**What needs to be done:** Output the listing in full. Every line stays exactly as it is.

=== Begin Enclosure ===

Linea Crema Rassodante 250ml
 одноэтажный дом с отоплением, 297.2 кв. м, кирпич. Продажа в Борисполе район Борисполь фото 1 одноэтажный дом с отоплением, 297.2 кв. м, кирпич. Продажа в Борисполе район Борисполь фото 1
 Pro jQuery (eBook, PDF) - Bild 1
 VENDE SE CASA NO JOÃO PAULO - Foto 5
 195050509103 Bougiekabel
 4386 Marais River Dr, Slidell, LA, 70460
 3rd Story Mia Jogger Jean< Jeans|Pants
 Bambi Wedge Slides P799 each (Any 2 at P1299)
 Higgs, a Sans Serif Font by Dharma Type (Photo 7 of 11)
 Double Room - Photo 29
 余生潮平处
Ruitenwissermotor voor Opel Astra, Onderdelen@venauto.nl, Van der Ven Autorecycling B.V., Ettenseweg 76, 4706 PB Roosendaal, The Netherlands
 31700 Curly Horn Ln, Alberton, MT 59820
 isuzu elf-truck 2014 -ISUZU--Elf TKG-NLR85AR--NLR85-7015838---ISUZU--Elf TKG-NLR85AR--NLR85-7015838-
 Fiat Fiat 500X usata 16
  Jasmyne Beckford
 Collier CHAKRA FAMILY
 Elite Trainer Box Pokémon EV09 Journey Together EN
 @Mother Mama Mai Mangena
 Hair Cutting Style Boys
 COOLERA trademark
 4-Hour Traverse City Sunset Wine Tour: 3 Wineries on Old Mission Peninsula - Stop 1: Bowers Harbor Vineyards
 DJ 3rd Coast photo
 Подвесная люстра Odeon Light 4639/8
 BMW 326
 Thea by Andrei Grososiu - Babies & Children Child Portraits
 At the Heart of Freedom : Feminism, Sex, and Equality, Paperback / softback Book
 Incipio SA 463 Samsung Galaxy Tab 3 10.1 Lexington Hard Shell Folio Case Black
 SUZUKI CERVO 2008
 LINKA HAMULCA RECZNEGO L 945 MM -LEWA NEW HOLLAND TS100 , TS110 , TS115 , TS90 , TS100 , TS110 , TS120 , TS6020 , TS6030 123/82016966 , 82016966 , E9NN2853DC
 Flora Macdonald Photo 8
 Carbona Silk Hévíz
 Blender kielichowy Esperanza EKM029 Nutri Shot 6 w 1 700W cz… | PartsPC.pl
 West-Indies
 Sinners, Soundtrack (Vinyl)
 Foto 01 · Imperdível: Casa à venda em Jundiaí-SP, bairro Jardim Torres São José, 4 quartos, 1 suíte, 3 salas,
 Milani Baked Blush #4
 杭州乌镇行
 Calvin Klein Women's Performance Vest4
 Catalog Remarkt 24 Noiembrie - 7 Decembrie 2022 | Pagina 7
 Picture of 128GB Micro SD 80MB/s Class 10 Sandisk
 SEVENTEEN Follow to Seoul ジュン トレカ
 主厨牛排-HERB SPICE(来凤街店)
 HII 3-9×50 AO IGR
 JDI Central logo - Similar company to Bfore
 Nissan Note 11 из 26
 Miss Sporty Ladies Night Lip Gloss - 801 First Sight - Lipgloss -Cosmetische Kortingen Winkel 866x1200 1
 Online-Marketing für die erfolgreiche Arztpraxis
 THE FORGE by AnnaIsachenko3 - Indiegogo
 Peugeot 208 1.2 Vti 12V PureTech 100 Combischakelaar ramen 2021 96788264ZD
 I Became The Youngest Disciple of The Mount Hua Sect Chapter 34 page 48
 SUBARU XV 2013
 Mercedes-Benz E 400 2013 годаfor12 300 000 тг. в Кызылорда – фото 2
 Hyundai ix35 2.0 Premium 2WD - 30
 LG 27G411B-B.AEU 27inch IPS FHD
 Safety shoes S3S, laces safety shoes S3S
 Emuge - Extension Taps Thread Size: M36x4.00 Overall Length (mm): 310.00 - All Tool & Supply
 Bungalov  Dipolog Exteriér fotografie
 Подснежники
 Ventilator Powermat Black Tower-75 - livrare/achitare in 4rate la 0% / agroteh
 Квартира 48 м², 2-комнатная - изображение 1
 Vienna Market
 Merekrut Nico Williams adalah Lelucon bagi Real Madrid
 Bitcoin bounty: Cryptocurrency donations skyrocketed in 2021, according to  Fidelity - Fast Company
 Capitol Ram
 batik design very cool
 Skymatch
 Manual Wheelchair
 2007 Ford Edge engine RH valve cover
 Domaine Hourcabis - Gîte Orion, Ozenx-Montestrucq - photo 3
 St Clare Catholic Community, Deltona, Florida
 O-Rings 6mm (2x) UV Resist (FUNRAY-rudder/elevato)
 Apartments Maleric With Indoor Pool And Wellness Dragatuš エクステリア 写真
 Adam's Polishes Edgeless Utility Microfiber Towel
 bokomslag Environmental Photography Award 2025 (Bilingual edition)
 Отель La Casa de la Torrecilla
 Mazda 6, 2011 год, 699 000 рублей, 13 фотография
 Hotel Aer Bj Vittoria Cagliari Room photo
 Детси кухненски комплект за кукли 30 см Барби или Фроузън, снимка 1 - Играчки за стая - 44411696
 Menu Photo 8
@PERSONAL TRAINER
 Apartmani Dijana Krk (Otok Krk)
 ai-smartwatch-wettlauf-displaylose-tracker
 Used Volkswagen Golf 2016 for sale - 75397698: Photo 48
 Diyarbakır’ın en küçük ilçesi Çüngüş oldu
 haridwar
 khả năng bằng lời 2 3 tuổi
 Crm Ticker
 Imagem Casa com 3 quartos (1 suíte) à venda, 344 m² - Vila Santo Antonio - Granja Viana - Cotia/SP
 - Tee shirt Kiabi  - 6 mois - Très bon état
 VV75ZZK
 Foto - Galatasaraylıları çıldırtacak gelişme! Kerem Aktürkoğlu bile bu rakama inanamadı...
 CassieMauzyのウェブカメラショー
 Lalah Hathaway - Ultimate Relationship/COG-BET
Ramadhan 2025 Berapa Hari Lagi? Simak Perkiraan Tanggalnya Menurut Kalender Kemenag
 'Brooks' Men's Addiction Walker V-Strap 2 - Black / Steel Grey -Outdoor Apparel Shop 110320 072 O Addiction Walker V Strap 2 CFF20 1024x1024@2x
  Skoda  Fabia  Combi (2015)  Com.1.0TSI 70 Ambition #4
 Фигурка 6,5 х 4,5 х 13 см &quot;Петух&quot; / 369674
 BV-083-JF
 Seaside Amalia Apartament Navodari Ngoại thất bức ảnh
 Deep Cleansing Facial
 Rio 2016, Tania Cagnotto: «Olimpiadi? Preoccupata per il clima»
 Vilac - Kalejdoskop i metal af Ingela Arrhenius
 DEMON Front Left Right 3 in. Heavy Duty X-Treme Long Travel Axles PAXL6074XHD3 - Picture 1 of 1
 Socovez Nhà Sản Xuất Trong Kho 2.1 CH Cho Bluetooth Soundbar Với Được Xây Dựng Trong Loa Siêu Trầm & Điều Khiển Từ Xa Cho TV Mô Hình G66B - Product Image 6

=== End Enclosure ===

**Expected answer:**
Linea Crema Rassodante 250ml
 одноэтажный дом с отоплением, 297.2 кв. м, кирпич. Продажа в Борисполе район Борисполь фото 1 одноэтажный дом с отоплением, 297.2 кв. м, кирпич. Продажа в Борисполе район Борисполь фото 1
 Pro jQuery (eBook, PDF) - Bild 1
 VENDE SE CASA NO JOÃO PAULO - Foto 5
 195050509103 Bougiekabel
 4386 Marais River Dr, Slidell, LA, 70460
 3rd Story Mia Jogger Jean< Jeans|Pants
 Bambi Wedge Slides P799 each (Any 2 at P1299)
 Higgs, a Sans Serif Font by Dharma Type (Photo 7 of 11)
 Double Room - Photo 29
 余生潮平处
Ruitenwissermotor voor Opel Astra, Onderdelen@venauto.nl, Van der Ven Autorecycling B.V., Ettenseweg 76, 4706 PB Roosendaal, The Netherlands
 31700 Curly Horn Ln, Alberton, MT 59820
 isuzu elf-truck 2014 -ISUZU--Elf TKG-NLR85AR--NLR85-7015838---ISUZU--Elf TKG-NLR85AR--NLR85-7015838-
 Fiat Fiat 500X usata 16
  Jasmyne Beckford
 Collier CHAKRA FAMILY
 Elite Trainer Box Pokémon EV09 Journey Together EN
 @Mother Mama Mai Mangena
 Hair Cutting Style Boys
 COOLERA trademark
 4-Hour Traverse City Sunset Wine Tour: 3 Wineries on Old Mission Peninsula - Stop 1: Bowers Harbor Vineyards
 DJ 3rd Coast photo
 Подвесная люстра Odeon Light 4639/8
 BMW 326
 Thea by Andrei Grososiu - Babies & Children Child Portraits
 At the Heart of Freedom : Feminism, Sex, and Equality, Paperback / softback Book
 Incipio SA 463 Samsung Galaxy Tab 3 10.1 Lexington Hard Shell Folio Case Black
 SUZUKI CERVO 2008
 LINKA HAMULCA RECZNEGO L 945 MM -LEWA NEW HOLLAND TS100 , TS110 , TS115 , TS90 , TS100 , TS110 , TS120 , TS6020 , TS6030 123/82016966 , 82016966 , E9NN2853DC
 Flora Macdonald Photo 8
 Carbona Silk Hévíz
 Blender kielichowy Esperanza EKM029 Nutri Shot 6 w 1 700W cz… | PartsPC.pl
 West-Indies
 Sinners, Soundtrack (Vinyl)
 Foto 01 · Imperdível: Casa à venda em Jundiaí-SP, bairro Jardim Torres São José, 4 quartos, 1 suíte, 3 salas,
 Milani Baked Blush #4
 杭州乌镇行
 Calvin Klein Women's Performance Vest4
 Catalog Remarkt 24 Noiembrie - 7 Decembrie 2022 | Pagina 7
 Picture of 128GB Micro SD 80MB/s Class 10 Sandisk
 SEVENTEEN Follow to Seoul ジュン トレカ
 主厨牛排-HERB SPICE(来凤街店)
 HII 3-9×50 AO IGR
 JDI Central logo - Similar company to Bfore
 Nissan Note 11 из 26
 Miss Sporty Ladies Night Lip Gloss - 801 First Sight - Lipgloss -Cosmetische Kortingen Winkel 866x1200 1
 Online-Marketing für die erfolgreiche Arztpraxis
 THE FORGE by AnnaIsachenko3 - Indiegogo
 Peugeot 208 1.2 Vti 12V PureTech 100 Combischakelaar ramen 2021 96788264ZD
 I Became The Youngest Disciple of The Mount Hua Sect Chapter 34 page 48
 SUBARU XV 2013
 Mercedes-Benz E 400 2013 годаfor12 300 000 тг. в Кызылорда – фото 2
 Hyundai ix35 2.0 Premium 2WD - 30
 LG 27G411B-B.AEU 27inch IPS FHD
 Safety shoes S3S, laces safety shoes S3S
 Emuge - Extension Taps Thread Size: M36x4.00 Overall Length (mm): 310.00 - All Tool & Supply
 Bungalov  Dipolog Exteriér fotografie
 Подснежники
 Ventilator Powermat Black Tower-75 - livrare/achitare in 4rate la 0% / agroteh
 Квартира 48 м², 2-комнатная - изображение 1
 Vienna Market
 Merekrut Nico Williams adalah Lelucon bagi Real Madrid
 Bitcoin bounty: Cryptocurrency donations skyrocketed in 2021, according to  Fidelity - Fast Company
 Capitol Ram
 batik design very cool
 Skymatch
 Manual Wheelchair
 2007 Ford Edge engine RH valve cover
 Domaine Hourcabis - Gîte Orion, Ozenx-Montestrucq - photo 3
 St Clare Catholic Community, Deltona, Florida
 O-Rings 6mm (2x) UV Resist (FUNRAY-rudder/elevato)
 Apartments Maleric With Indoor Pool And Wellness Dragatuš エクステリア 写真
 Adam's Polishes Edgeless Utility Microfiber Towel
 bokomslag Environmental Photography Award 2025 (Bilingual edition)
 Отель La Casa de la Torrecilla
 Mazda 6, 2011 год, 699 000 рублей, 13 фотография
 Hotel Aer Bj Vittoria Cagliari Room photo
 Детси кухненски комплект за кукли 30 см Барби или Фроузън, снимка 1 - Играчки за стая - 44411696
 Menu Photo 8
@PERSONAL TRAINER
 Apartmani Dijana Krk (Otok Krk)
 ai-smartwatch-wettlauf-displaylose-tracker
 Used Volkswagen Golf 2016 for sale - 75397698: Photo 48
 Diyarbakır’ın en küçük ilçesi Çüngüş oldu
 haridwar
 khả năng bằng lời 2 3 tuổi
 Crm Ticker
 Imagem Casa com 3 quartos (1 suíte) à venda, 344 m² - Vila Santo Antonio - Granja Viana - Cotia/SP
 - Tee shirt Kiabi  - 6 mois - Très bon état
 VV75ZZK
 Foto - Galatasaraylıları çıldırtacak gelişme! Kerem Aktürkoğlu bile bu rakama inanamadı...
 CassieMauzyのウェブカメラショー
 Lalah Hathaway - Ultimate Relationship/COG-BET
Ramadhan 2025 Berapa Hari Lagi? Simak Perkiraan Tanggalnya Menurut Kalender Kemenag
 'Brooks' Men's Addiction Walker V-Strap 2 - Black / Steel Grey -Outdoor Apparel Shop 110320 072 O Addiction Walker V Strap 2 CFF20 1024x1024@2x
  Skoda  Fabia  Combi (2015)  Com.1.0TSI 70 Ambition #4
 Фигурка 6,5 х 4,5 х 13 см &quot;Петух&quot; / 369674
 BV-083-JF
 Seaside Amalia Apartament Navodari Ngoại thất bức ảnh
 Deep Cleansing Facial
 Rio 2016, Tania Cagnotto: «Olimpiadi? Preoccupata per il clima»
 Vilac - Kalejdoskop i metal af Ingela Arrhenius
 DEMON Front Left Right 3 in. Heavy Duty X-Treme Long Travel Axles PAXL6074XHD3 - Picture 1 of 1
 Socovez Nhà Sản Xuất Trong Kho 2.1 CH Cho Bluetooth Soundbar Với Được Xây Dựng Trong Loa Siêu Trầm & Điều Khiển Từ Xa Cho TV Mô Hình G66B - Product Image 6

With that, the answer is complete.